Slices not used in the push-out bond strength test were analyzed using an SEM (Carl Zeiss AG, EVO® 40 series) to measure cement thickness (µm) and quantify voids. After testing different magnification fields, 70 × was selected for its optimal field of view, allowing for the measurement of cement thickness at four predefined points per sample: top, bottom, left, and right. All SEM images were exported to ImageJ software (Version 1.54, National Institutes of Health, Bethesda, MD, USA). The ruler function in ImageJ was calibrated using the scale bar embedded in each SEM image to ensure measurement accuracy. After calibration, four measurements per slice were taken, and the average cement thickness (µm) was calculated.

Void quantification using scanning electron microscopy (SEM)
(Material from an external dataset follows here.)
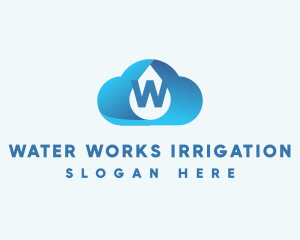 Cloud Water Droplet logo design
Void analysis was conducted using scanning electron microscopy (SEM). Dark regions were considered indicative of either the absence of restorative material or the presence of interfacial gaps at the tooth–restoration interface. Void detection was performed qualitatively (presence/absence) in cross-sectional images corresponding to the apical, middle, and cervical thirds, and the results were expressed as percentages. Digital images were analyzed using ImageJ software (NIH, Bethesda, MD, USA). Prior to analysis, images were converted to 8-bit grayscale, and automatic threshold segmentation was performed using Otsu’s method (Otsu, 1979) to enable objective discrimination between void areas and filling material [15].

Statistical analysis

Descriptive and exploratory analyses indicated that apical gaps, bond strength, and cement thickness data did not meet the assumptions required for a parametric analysis. Therefore, apical gaps were analyzed using the Mann–Whitney test. The effects of the molding technique, root third, and the interaction between these factors were investigated using a generalized linear model, considering a split-plot design to account for the dependency structure among the three root thirds evaluated within the same sample. The association between the presence of voids and the molding technique was analyzed using the Chi-square test and Fisher’s exact test, according to the suitability of each situation.

Statistical analyses were performed using R software (R Core Team, 2025) and SAS software (SAS Institute, Cary, NC, USA). The significance level was set at 5% [16].